14437 tokens appeared only once in the corpus.


# 1 (e)
Intuitively, we should not consider "_" or numbers to be a word. But python treats them as a word. So apply the re.search function here which returns TRUE if there is at least one a to z letter in the string. The variable token_words is the tokenizer output with only words.

In [None]:
token_words = [word for word in token_full if re.search(r'[a-z]+', word)]
frequency_word=collections.Counter(token_words)
length_token_word=len(token_words)
unique_token_word=len(frequency_word)
print("The total number of words is:", length_token_word)
print("The total number of unique words is:", unique_token_word)
print("The lexical diversity(type/word ratio) of the corpus is:", unique_token_word/length_token_word)

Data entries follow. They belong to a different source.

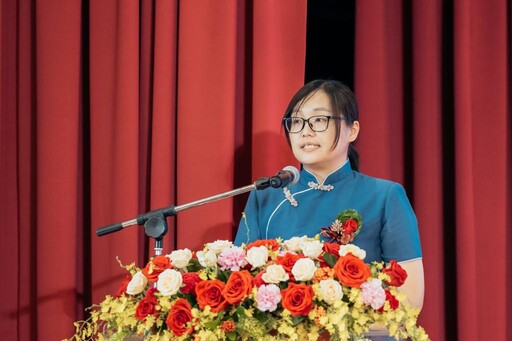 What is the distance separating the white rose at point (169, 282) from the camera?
114cm

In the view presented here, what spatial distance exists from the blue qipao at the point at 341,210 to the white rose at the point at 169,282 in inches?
19.4

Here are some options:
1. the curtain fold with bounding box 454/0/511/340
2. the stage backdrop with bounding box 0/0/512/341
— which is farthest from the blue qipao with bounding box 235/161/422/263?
the curtain fold with bounding box 454/0/511/340

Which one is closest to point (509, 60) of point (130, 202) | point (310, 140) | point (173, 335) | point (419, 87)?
point (419, 87)

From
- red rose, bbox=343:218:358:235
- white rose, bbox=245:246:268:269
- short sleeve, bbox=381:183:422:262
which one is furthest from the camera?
short sleeve, bbox=381:183:422:262

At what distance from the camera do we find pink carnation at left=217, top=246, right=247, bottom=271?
3.86 feet

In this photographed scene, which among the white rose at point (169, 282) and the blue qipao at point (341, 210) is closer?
the white rose at point (169, 282)

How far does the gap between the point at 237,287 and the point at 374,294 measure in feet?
0.73

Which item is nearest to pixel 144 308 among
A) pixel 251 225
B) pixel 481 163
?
pixel 251 225

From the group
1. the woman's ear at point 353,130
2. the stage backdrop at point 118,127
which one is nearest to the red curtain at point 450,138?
the stage backdrop at point 118,127

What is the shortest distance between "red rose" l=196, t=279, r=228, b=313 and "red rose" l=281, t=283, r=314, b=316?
0.10 meters

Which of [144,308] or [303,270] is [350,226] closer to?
[303,270]

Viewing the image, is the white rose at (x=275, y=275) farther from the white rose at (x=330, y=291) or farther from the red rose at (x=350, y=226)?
the red rose at (x=350, y=226)

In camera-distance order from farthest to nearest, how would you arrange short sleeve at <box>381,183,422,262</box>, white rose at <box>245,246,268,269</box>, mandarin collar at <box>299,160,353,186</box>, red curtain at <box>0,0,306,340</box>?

The total number of words is: 3920618
The total number of unique words is: 27721
The lexical diversity(type/word ratio) of the corpus is: 0.007070568976625623


# 1 (f)
When reading the file "stop_words.txt", there is one word per line. So we apply the re.findall function here again with a pattern r'\w+'. This means placing all words into a list with one word per element. This produced the stopword list. Then we need to produce a new list token_without_stopword that contains all words in the list token_word but not in the list stopword. I initially programmed a loop to finish this step. But when I tried the filter with lambda function method that studied online, the compute speed increased. \\
The filter function can accept a function and a list as input, produce a filter object output. It will run the input function with every element of the input list. If the input function can produce True or False, then only elements with True value would be saved. If the input function produces other output, then the filter function would keep all elements in the input list. Here the lambda function is a quick version to define a function. It will return True if the item is in the list stopword and False otherwise.

In [None]:

token_without_stopwords = list(filter(lambda item: item not in stopword, token_words))
frequency_without_stopwords=collections.Counter(token_without_stopwords)
length_token_without_stopwords=len(token_without_stopwords)
unique_token_word_stopwords=len(frequency_without_stopwords)
print("the top 20 most frequent words and their frequencies are:",frequency_without_stopwords.most_common(20))
print("The lexical diversity(type/word ratio) of the corpus is:", unique_token_word_stopwords/length_token_without_stopwords)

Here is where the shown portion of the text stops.